FabianZeulnerGEA commented 2 years ago

It is not possible to detect this efficiently. Check like this would significantly slow down memory copying for everybody out there.

as i am not an expert at the internals of .net. is there a mechanism that takes care that you never run into such a SIMD problem with Span<> when everything is managed by .net. And I only see this problem cause i hard code the Span start address in the device tree. or could it be that you might always run into such an issue using Span within .net6 on arm?

jkotas commented 2 years ago

The .NET runtime assumes that all memory that it operates on is a Normal memory. Normal memory is defined by Arm architecture reference manual. The memory does not have to be managed by .NET runtime. For example, memory allocated by C malloc API is a Normal memory and it will work fine with Span APIs.

You are seeing this since you are operating on a Device memory. Device memory is not a Normal memory and it comes with number of limitations.

jeffhandley commented 2 years ago

Closing as expected behavior per @jkotas's comment above.

tannergooding commented 2 years ago

@jkotas, got pointed to this from discord and I'm not quite sure this is "expected".
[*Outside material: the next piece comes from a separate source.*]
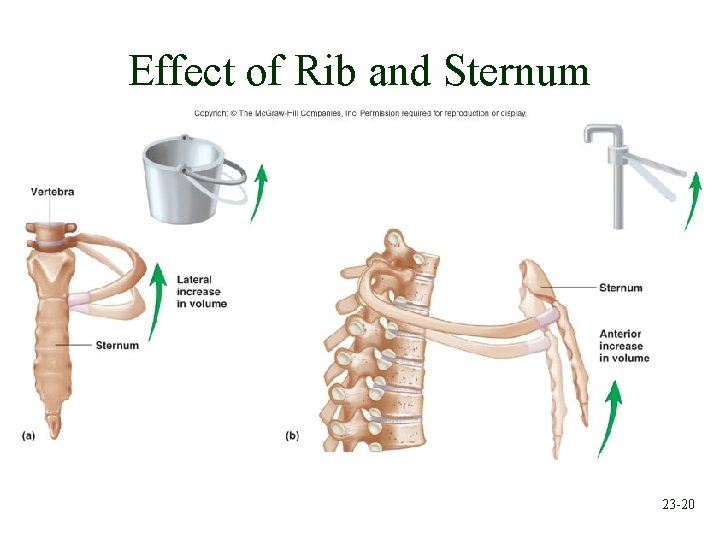 Effect of Rib and Sternum 23 -20 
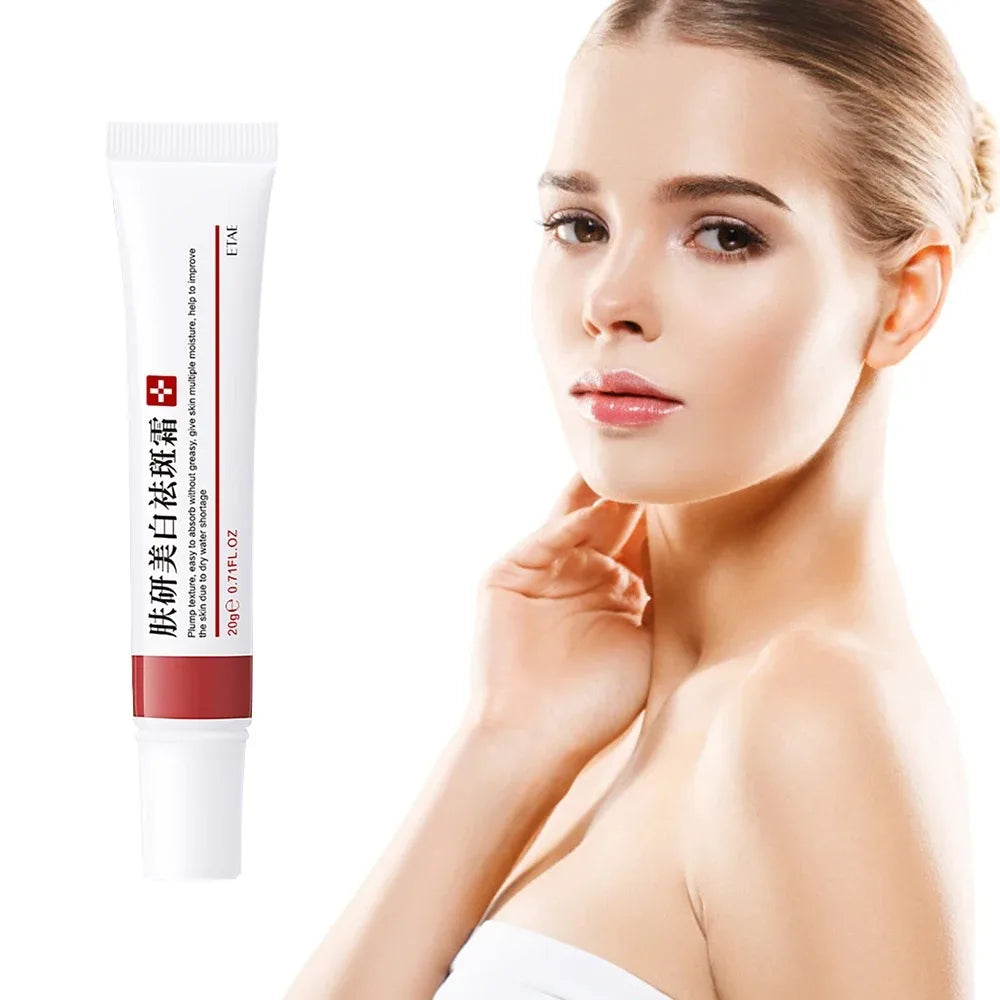 Güçlü Leke Açıcı Yüz Kremi – Melazma, Melanin ve Pigmentasyon Giderici, Nemlendirici Cilt Bakım Kremi 20g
.NET certainly assumes that addresses are aligned and you must use, for example, Unsafe.*Unaligned APIs to work with "unaligned memory".

Given then that the natural alignment of byte is 1, that Span<T> can be over T* address, that there are platforms, like Arm32, which may not support "general unaligned access", it is a bug for our Span<T>.CopyTo implementation to have code such as Unsafe.As<byte, long>(ref dest) = Unsafe.As<byte, long>(ref src); or Unsafe.As<byte, int>(ref dest) = Unsafe.As<byte, int>(ref src);

This is a bug because it forces the JIT to assume that the ref byte are 4 or 8 byte aligned, which they may not be. Likewise, code such as Unsafe.As<byte, Block16>(ref dest) = Unsafe.As<byte, Block16>(ref src); is problematic if it implies to the JIT that the Block16 is anything more than 1-byte aligned.

That is, Span<byte>.CopyTo() must effectively operate like memcpy (well memmove in this case) does in C and be usable for any address. It can still utilize SIMD and other tricks, but only where it meets the platform expectations around memory alignment, otherwise there will be likely bugs when running on platforms that don't support general unaligned memory access.

tannergooding commented 2 years ago

Given that we have Vector128.IsHardwareAccelerated, Vector128.LoadUnsafe and Vector128.StoreUnsafe which do safely operate with ref byte to do unaligned SIMD load/stores; this should be something we can reasonably fix, keep performance, and make work with the normal JIT expectations that T is must be "naturally aligned" (e.g. 1-byte aligned for byte).

jkotas commented 2 years ago

It is a bug for our Span.CopyTo implementation to have code such as Unsafe.As<byte, long>(ref dest) = Unsafe.As<byte, long>(ref src); or Unsafe.As<byte, int>(ref dest) = Unsafe.As<byte, int>(ref src);

This code is not 100% portable, but it works just fine on all platforms that we support. It is not a bug since we own the runtime and the list of platforms that we support. If we add a new platform to the list where this is a problem or make other changes in the runtime that make it problematic, we will fix this implementation.

It would be a bug if this code was in 3rd party library that aims to be 100% portable.

jkotas commented 2 years ago

Vector128.IsHardwareAccelerated, Vector128.LoadUnsafe and Vector128.StoreUnsafe

Agree that it would be nice to switch this code to use Vector128 now that we have this capability.